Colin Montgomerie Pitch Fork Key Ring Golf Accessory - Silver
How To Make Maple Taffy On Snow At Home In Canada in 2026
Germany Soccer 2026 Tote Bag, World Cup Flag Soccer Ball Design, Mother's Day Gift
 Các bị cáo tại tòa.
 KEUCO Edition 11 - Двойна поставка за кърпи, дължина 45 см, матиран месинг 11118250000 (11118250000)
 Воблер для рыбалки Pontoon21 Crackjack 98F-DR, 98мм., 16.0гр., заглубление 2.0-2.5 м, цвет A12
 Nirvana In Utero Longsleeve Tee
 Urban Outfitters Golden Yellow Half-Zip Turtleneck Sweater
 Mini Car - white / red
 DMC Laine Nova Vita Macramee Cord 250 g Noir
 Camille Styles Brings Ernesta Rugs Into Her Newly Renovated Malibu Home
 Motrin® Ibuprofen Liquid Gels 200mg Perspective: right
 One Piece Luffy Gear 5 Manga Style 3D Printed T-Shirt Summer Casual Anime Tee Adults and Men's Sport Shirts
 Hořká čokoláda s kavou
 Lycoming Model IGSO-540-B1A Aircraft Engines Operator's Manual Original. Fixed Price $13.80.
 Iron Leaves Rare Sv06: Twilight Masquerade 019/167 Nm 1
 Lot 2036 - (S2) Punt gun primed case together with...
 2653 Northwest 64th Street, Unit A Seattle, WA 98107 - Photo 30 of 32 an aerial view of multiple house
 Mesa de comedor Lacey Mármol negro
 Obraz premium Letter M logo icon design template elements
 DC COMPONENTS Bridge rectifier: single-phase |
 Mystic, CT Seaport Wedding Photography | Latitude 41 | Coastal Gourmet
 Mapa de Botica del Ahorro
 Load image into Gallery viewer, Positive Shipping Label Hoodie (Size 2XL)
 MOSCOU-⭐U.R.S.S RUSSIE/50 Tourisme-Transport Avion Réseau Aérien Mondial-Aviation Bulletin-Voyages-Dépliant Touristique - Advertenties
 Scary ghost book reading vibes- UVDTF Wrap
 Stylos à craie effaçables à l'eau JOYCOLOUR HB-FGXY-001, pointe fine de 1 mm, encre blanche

========

With the first line being the one containing "Mini Car - white / red" and the last line the one containing "DC COMPONENTS Bridge", transcribe exactly the lines above that fall in that range.

 Mini Car - white / red
 DMC Laine Nova Vita Macramee Cord 250 g Noir
 Camille Styles Brings Ernesta Rugs Into Her Newly Renovated Malibu Home
 Motrin® Ibuprofen Liquid Gels 200mg Perspective: right
 One Piece Luffy Gear 5 Manga Style 3D Printed T-Shirt Summer Casual Anime Tee Adults and Men's Sport Shirts
 Hořká čokoláda s kavou
 Lycoming Model IGSO-540-B1A Aircraft Engines Operator's Manual Original. Fixed Price $13.80.
 Iron Leaves Rare Sv06: Twilight Masquerade 019/167 Nm 1
 Lot 2036 - (S2) Punt gun primed case together with...
 2653 Northwest 64th Street, Unit A Seattle, WA 98107 - Photo 30 of 32 an aerial view of multiple house
 Mesa de comedor Lacey Mármol negro
 Obraz premium Letter M logo icon design template elements
 DC COMPONENTS Bridge rectifier: single-phase |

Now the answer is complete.